Aim of the exercise:
Print the lines below word for word, beginning with the first and ending with the line that holds "Les voyages extraordinaires.", and skip every picture.

(Web page caption snippets)
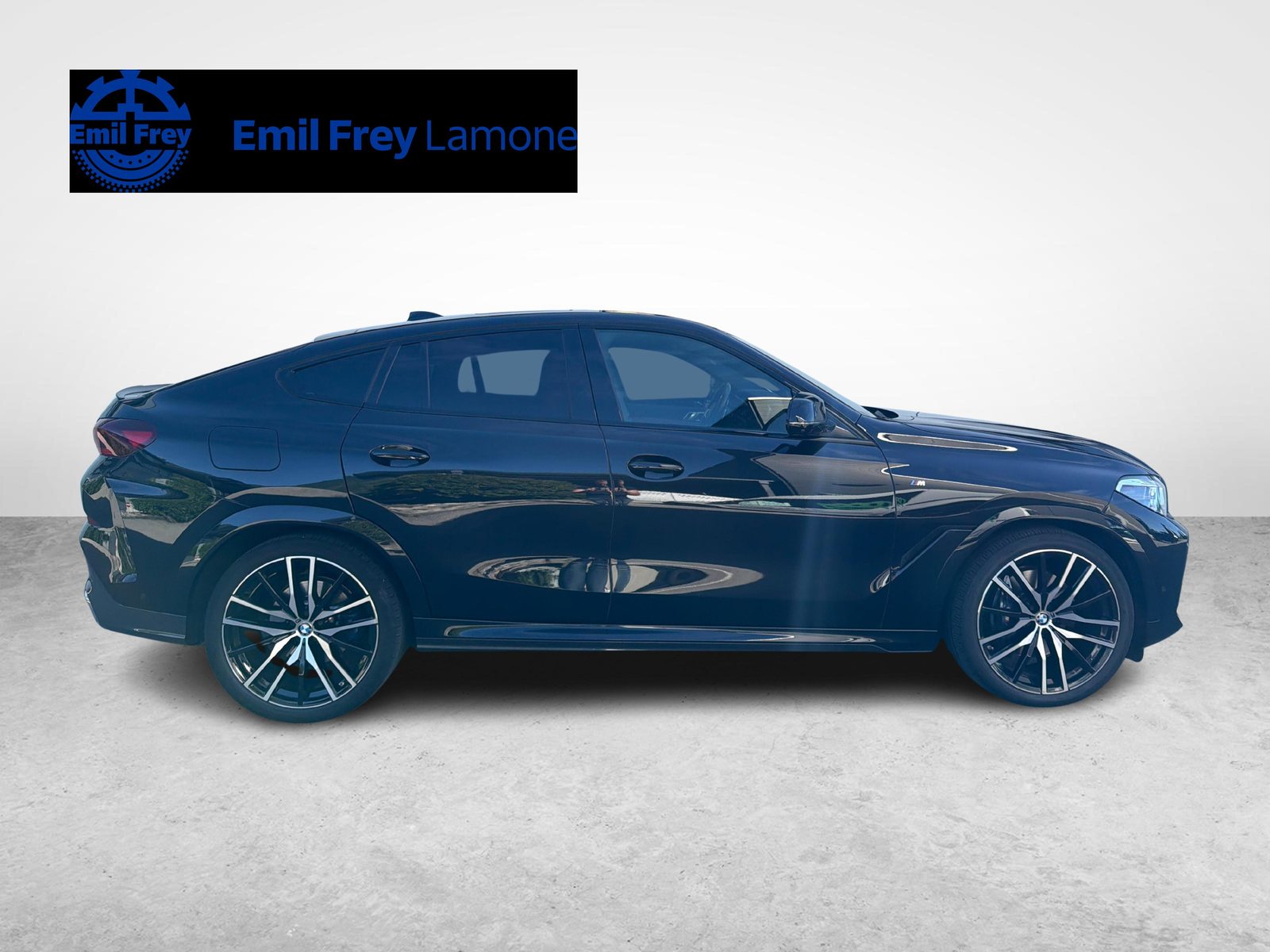 BMW X6 30d xDrive, Mild-Hybrid Diesel/Electric, Second hand / Used, Automatic - 7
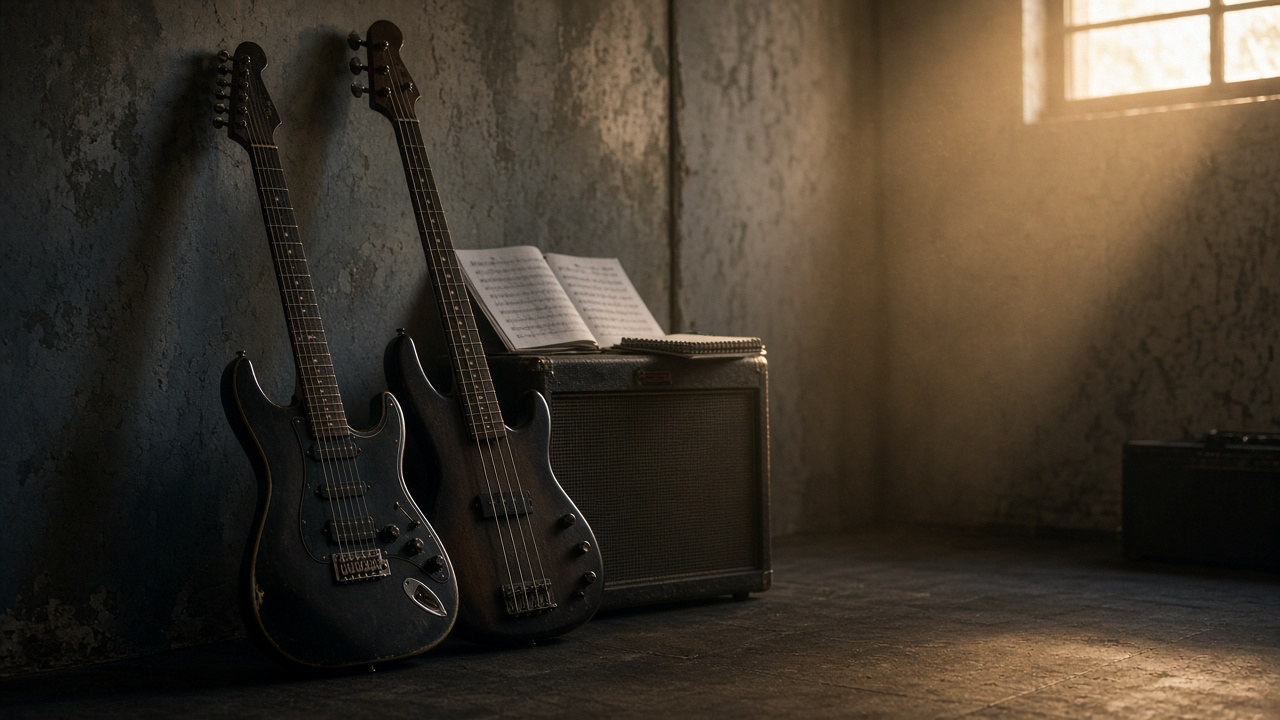 Tempo Perdido: Análise Harmônica para Guitarra e Baixo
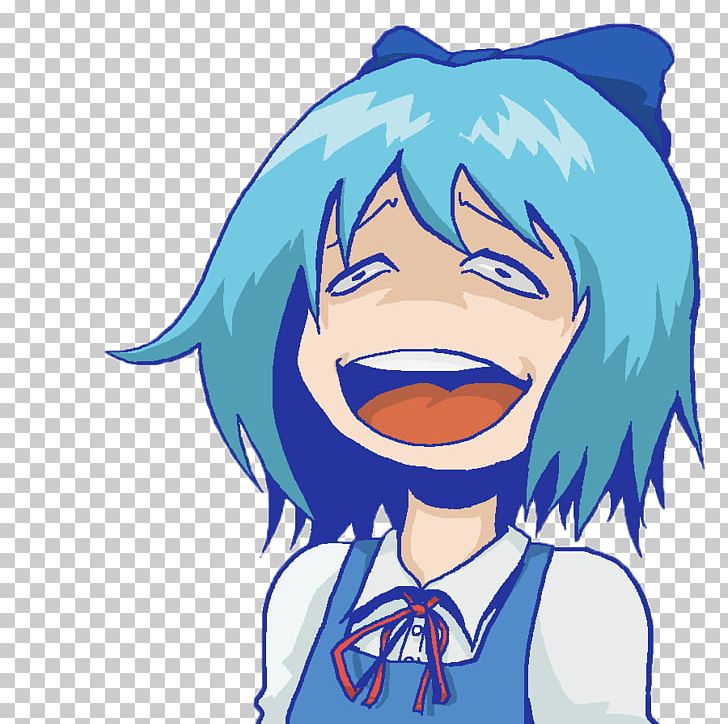 The Embodiment Of Scarlet Devil Lotus Land Story Cirno Team Shanghai Alice Manic Shooter PNG, Clipart, Blue, Boy, Cartoon, Face, Fictional Character Free PNG Download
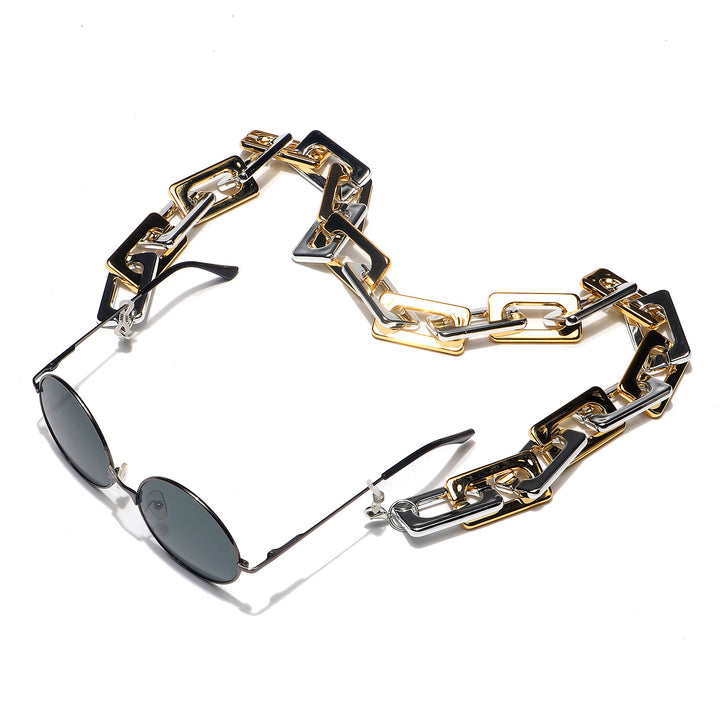 Elegante Statement Brillenband Karnz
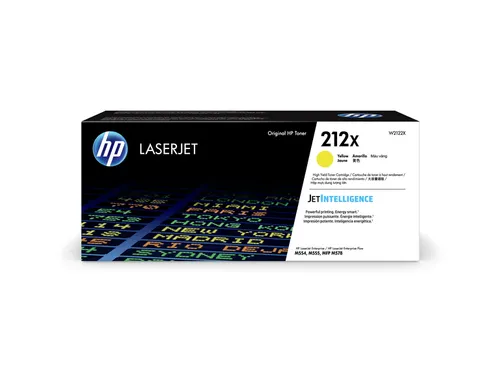 HP W2122X 212X Toner Geel XL Originele Tonercartridge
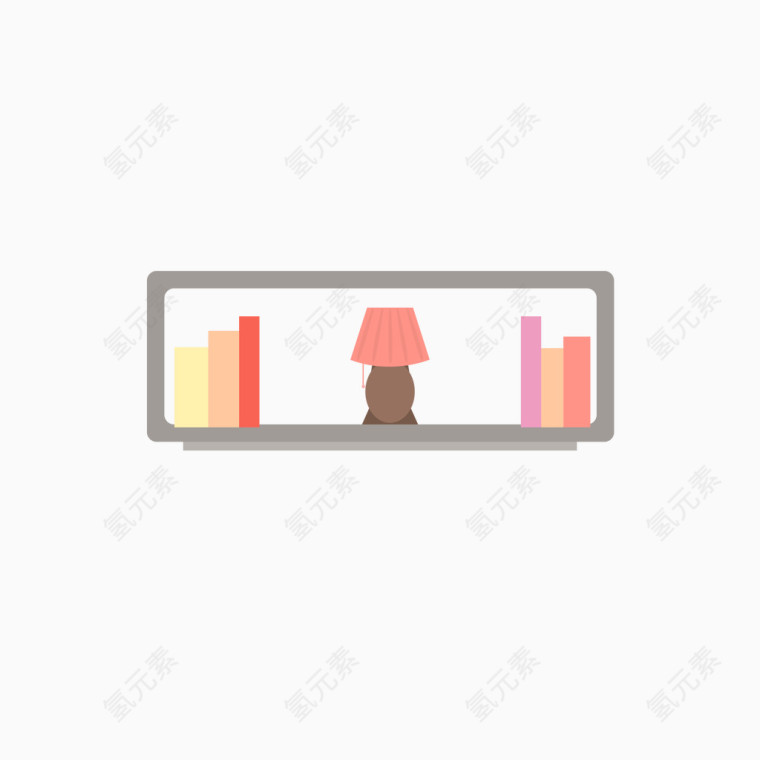矢量壁柜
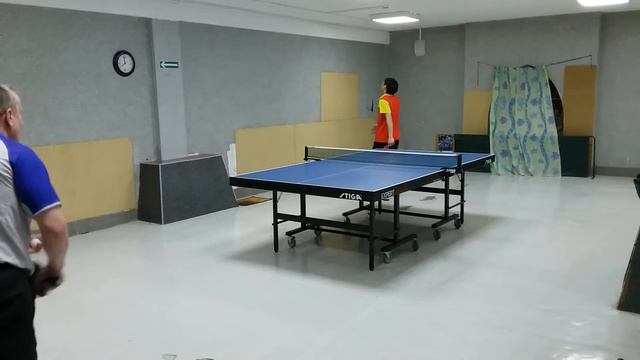 table tennis Academtour 395. Яковлев - Матюнов смотреть онлайн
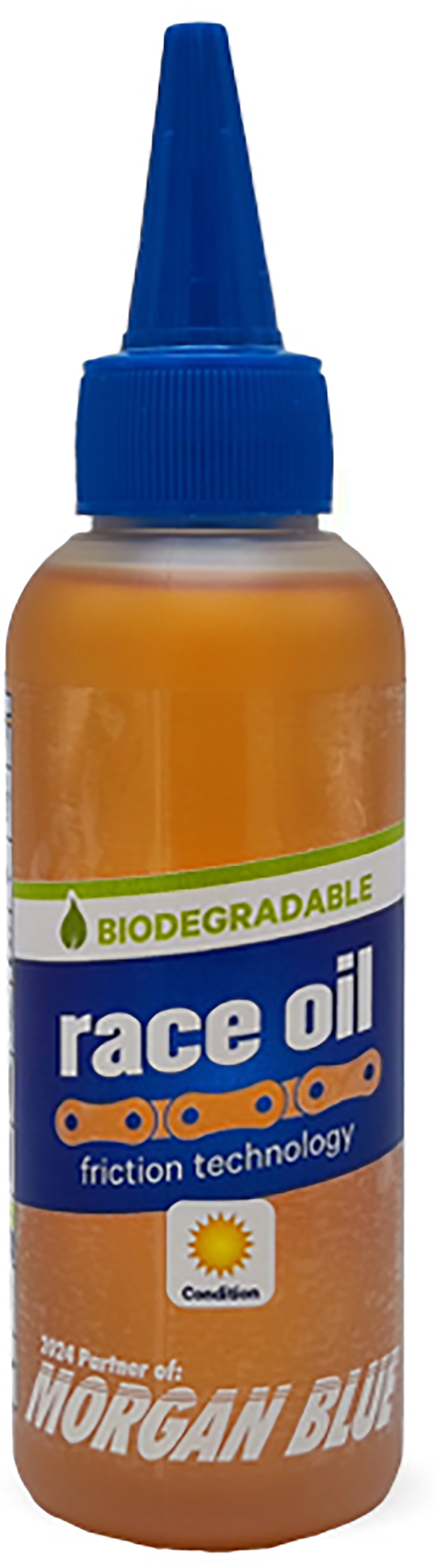 Morgan Blue Bio Race Oil 125ml Dryp Flaske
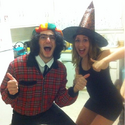 Thanks to Nikki van Hatten for this Nardwuar Hallowe'en pic ! 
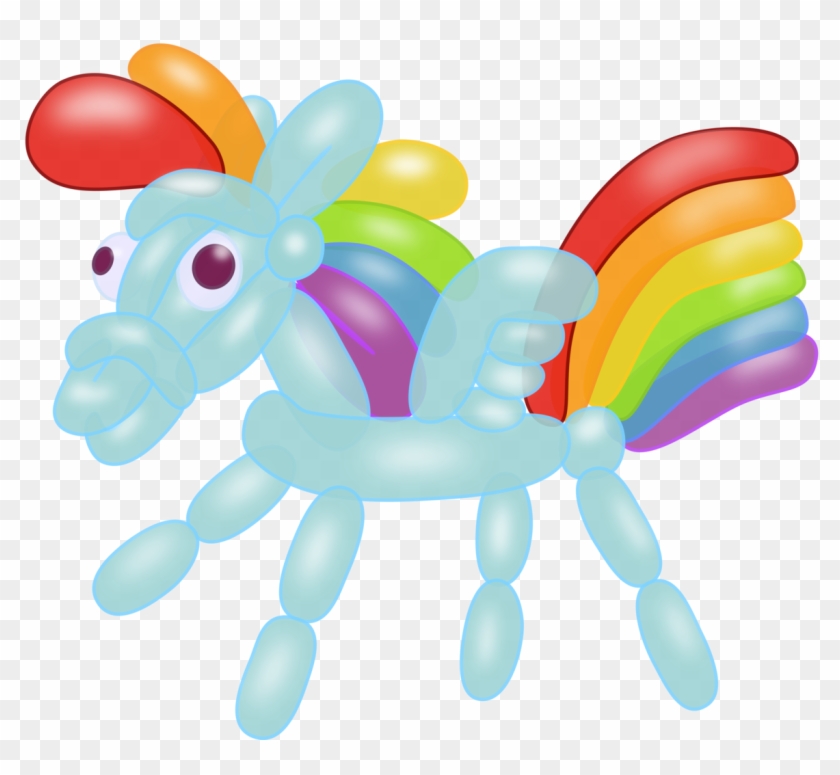 Balloon Animals Png Picture Royalty Free Stock - Balloon Animal No Background Clipart #3556249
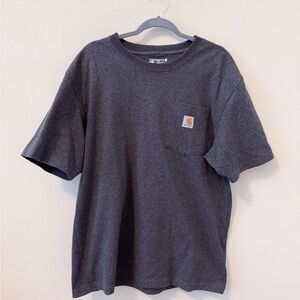 Carhartt Charcoal Pocket Tee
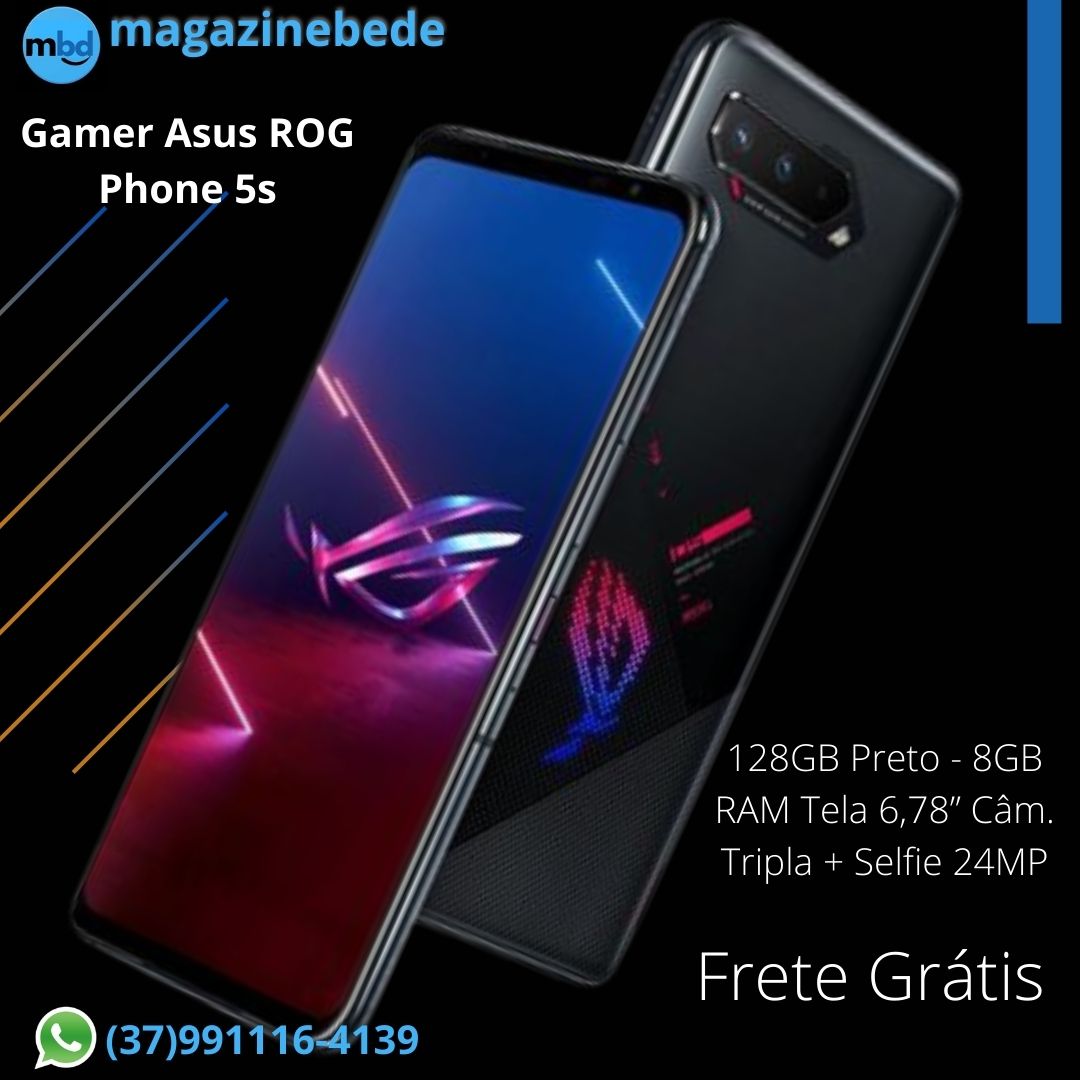 CELULAR GAMER? - RoG Phone 5 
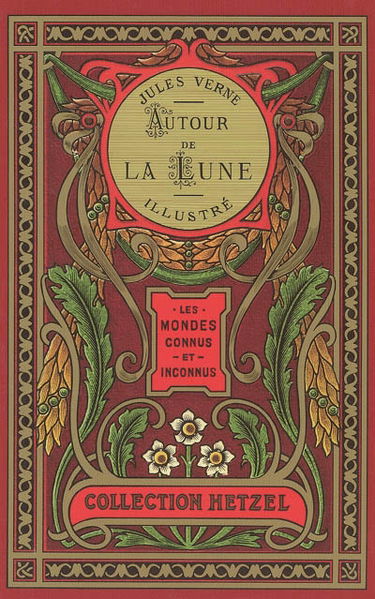 Les voyages extraordinaires. Autour de la Lune. Un drame dans les airs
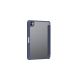 3. Etui AMAZINGTHING Titan Pro Case do iPada Pro 11" M5 z obrotową podstawką 720° i uchwytem na rysik - granatowe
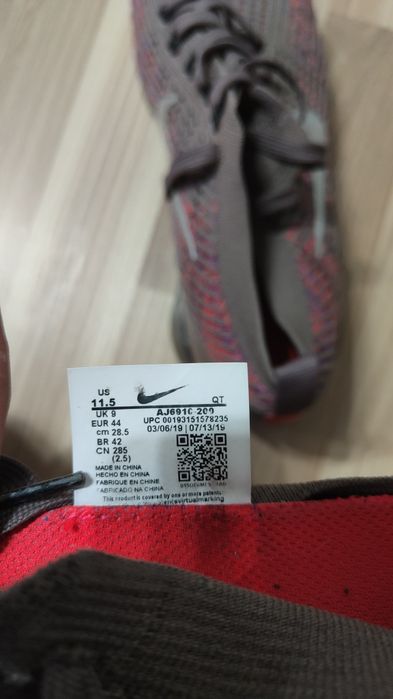 Nike Air Vapormax Flyknit 3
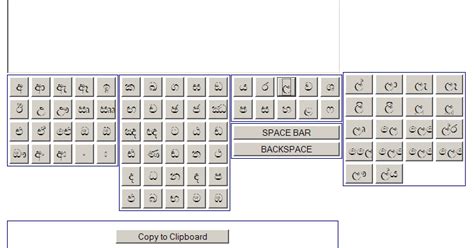 Srishanu ශ්‍රීශානු Sinhala Unicode Online Keyboard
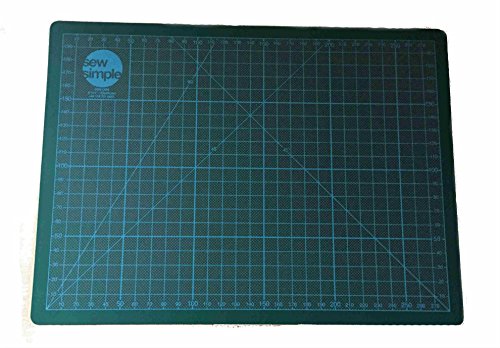Dafa 12 x 18-inch Self Healing Cutting Mat, Green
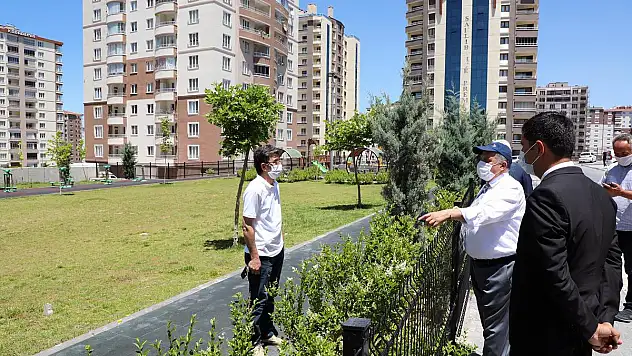 Talas Belediyesi çalışmaları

Reply:
 BMW X6 30d xDrive, Mild-Hybrid Diesel/Electric, Second hand / Used, Automatic - 7
 Tempo Perdido: Análise Harmônica para Guitarra e Baixo
 The Embodiment Of Scarlet Devil Lotus Land Story Cirno Team Shanghai Alice Manic Shooter PNG, Clipart, Blue, Boy, Cartoon, Face, Fictional Character Free PNG Download
 Elegante Statement Brillenband Karnz
 HP W2122X 212X Toner Geel XL Originele Tonercartridge
矢量壁柜
 table tennis Academtour 395. Яковлев - Матюнов смотреть онлайн
 Morgan Blue Bio Race Oil 125ml Dryp Flaske
 Thanks to Nikki van Hatten for this Nardwuar Hallowe'en pic ! 
 Balloon Animals Png Picture Royalty Free Stock - Balloon Animal No Background Clipart #3556249
 Carhartt Charcoal Pocket Tee
 CELULAR GAMER? - RoG Phone 5 
 Les voyages extraordinaires. Autour de la Lune. Un drame dans les airs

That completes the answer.